- PROBLEM STATEMENT
Look through the records and copy each line with the string "time" in it.

- Stored records

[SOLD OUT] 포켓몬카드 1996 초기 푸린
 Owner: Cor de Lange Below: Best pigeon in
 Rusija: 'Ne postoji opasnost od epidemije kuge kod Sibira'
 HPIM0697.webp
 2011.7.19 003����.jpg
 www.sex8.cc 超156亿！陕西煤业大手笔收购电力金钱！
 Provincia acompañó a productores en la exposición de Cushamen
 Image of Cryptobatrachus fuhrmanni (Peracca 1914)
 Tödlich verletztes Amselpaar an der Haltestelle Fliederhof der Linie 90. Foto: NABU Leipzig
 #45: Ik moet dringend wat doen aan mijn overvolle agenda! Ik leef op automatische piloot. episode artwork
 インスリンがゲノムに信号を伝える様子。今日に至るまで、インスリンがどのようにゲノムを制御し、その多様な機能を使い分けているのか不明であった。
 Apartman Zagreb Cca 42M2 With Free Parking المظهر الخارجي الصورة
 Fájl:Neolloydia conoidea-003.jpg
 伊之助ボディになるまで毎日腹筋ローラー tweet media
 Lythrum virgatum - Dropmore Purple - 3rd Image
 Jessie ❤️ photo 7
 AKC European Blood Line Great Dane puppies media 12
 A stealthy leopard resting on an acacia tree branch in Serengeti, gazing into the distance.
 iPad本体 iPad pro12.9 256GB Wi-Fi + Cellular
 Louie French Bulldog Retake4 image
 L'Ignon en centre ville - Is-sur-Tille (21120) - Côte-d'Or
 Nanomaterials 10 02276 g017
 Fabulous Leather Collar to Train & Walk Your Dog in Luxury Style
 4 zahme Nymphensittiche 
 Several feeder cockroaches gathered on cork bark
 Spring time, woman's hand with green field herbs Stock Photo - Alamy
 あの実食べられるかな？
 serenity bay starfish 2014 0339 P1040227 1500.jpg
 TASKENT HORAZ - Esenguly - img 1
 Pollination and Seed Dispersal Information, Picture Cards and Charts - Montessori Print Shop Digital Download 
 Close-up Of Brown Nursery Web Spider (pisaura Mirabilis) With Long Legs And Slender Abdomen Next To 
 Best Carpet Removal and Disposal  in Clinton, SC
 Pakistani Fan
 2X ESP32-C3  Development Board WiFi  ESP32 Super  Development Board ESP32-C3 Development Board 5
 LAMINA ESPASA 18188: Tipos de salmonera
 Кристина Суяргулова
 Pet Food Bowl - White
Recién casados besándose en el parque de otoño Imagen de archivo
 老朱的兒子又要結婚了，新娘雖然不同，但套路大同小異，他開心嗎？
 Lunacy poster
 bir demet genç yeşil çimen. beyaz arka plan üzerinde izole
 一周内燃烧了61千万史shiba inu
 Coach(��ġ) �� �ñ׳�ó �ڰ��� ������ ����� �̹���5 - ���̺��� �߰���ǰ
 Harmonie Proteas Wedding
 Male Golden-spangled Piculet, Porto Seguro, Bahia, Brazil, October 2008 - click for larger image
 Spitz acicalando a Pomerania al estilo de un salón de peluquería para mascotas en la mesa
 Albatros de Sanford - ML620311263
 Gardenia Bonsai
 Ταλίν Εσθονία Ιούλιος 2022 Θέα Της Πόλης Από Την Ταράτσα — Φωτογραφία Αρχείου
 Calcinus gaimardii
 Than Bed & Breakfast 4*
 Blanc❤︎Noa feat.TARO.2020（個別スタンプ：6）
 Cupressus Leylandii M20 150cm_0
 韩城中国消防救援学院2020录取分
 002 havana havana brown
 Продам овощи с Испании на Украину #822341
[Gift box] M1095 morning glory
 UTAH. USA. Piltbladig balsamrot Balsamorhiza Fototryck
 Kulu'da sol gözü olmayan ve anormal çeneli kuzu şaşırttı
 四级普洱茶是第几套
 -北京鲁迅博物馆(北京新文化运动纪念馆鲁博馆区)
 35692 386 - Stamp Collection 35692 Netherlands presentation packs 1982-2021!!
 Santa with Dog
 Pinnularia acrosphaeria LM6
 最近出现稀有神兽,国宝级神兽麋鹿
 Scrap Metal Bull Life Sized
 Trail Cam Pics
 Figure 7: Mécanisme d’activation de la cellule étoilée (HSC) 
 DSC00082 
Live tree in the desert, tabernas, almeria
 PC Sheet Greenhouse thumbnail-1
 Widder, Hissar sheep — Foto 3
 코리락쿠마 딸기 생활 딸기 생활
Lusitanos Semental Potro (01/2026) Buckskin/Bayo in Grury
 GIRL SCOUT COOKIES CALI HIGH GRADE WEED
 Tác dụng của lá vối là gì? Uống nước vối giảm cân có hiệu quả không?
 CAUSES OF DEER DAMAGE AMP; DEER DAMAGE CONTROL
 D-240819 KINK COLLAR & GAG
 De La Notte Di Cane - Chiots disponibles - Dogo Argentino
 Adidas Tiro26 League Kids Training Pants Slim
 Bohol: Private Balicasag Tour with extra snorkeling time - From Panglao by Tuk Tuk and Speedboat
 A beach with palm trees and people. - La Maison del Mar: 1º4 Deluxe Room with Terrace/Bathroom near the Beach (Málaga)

- RESPONSE
 Spring time, woman's hand with green field herbs Stock Photo - Alamy
 Bohol: Private Balicasag Tour with extra snorkeling time - From Panglao by Tuk Tuk and Speedboat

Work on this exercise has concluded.